The thief was never discovered, nor have we even seen the ‘Florentine Tragedy,’ the ‘Mr. W. H.’ story, or one of the other plays – ‘The Duchess of Padua’ – since that time. Curiously enough, the manuscript of the third play [‘La Sainte Courtisane’], a tragedy somewhat on the lines of ‘Salome,’ was discovered by a friend of Mr. Wilde’s in a second-hand bookshop in London in 1897. It was sent to the author in Paris, and was not heard of again. After his death in 1900 it could not be found. With regard to ‘The Duchess of Padua,’ the loss was not absolute, for this play, a five act tragedy, had previously been performed in America, and I possessed the ’prompt’ copy. [see ‘The Duchess of Padua’, no. 26].“ (“Play’s Strange History“, interview with Robert Ross, in The Tribune, London, 4 June 1906, see also Ingleby, Oscar Wilde, pp. 215-6)

“At the time of Wilde’s trial the nearly completed MS. of La Sainte Courtisane was entrusted to Mrs Leverson, the well-known novelist, who in 1897 [?1898, see Complete Letters, p. 642n] went to Paris to restore it to the author.
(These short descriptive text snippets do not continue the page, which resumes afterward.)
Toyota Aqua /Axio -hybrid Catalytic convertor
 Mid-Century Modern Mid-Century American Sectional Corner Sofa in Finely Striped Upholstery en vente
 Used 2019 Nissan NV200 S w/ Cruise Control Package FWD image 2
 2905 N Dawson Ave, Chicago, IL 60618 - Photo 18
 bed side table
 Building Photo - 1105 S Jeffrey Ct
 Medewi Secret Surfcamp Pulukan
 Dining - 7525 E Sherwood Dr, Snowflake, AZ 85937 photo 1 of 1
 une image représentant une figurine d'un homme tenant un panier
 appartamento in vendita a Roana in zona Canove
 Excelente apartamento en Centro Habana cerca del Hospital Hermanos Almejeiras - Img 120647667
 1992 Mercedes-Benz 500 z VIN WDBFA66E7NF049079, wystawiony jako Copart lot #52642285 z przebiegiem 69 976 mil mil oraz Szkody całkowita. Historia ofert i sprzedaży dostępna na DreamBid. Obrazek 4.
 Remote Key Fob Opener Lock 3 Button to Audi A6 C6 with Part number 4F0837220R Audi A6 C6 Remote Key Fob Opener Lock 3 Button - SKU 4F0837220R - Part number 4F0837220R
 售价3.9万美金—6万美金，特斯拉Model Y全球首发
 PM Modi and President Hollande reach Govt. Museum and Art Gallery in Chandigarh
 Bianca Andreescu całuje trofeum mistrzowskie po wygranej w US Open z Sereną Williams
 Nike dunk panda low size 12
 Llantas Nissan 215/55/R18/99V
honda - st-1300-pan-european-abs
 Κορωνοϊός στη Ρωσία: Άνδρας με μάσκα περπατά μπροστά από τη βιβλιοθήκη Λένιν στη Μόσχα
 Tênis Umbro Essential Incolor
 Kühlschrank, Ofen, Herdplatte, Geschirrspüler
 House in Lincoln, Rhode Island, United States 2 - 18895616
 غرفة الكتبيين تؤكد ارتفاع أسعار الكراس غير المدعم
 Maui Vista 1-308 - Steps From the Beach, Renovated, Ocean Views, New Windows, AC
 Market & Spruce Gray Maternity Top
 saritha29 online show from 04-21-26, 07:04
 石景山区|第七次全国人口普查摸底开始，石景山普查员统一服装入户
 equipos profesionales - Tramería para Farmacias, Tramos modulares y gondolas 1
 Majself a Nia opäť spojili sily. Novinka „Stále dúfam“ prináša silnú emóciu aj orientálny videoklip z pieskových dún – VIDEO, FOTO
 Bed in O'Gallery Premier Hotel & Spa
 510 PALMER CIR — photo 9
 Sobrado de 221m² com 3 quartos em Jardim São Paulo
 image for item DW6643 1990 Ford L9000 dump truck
Wilde immediately left the only copy in a cab. A few days later he laughingly informed me of the loss, and added that a cab was a very proper place for it. … All my attempts to recover the lost work failed. The passages here reprinted are from some odd leaves of a first draft.“ (Robert Ross, “Preface“, 1910, p. xv)

“The Sphinx has (1) The Duchess of Padua. (2) The manuscript of La Sainte Courtisane. (3) A bundle of A. D. letters. Would you give her from me my kind regards and most affectionate wishes and ask her to let Robbie have them, as I want them all three as soon as I am released.“ (letter to More Adey, 7 April 1897, Complete Letters, p. 797)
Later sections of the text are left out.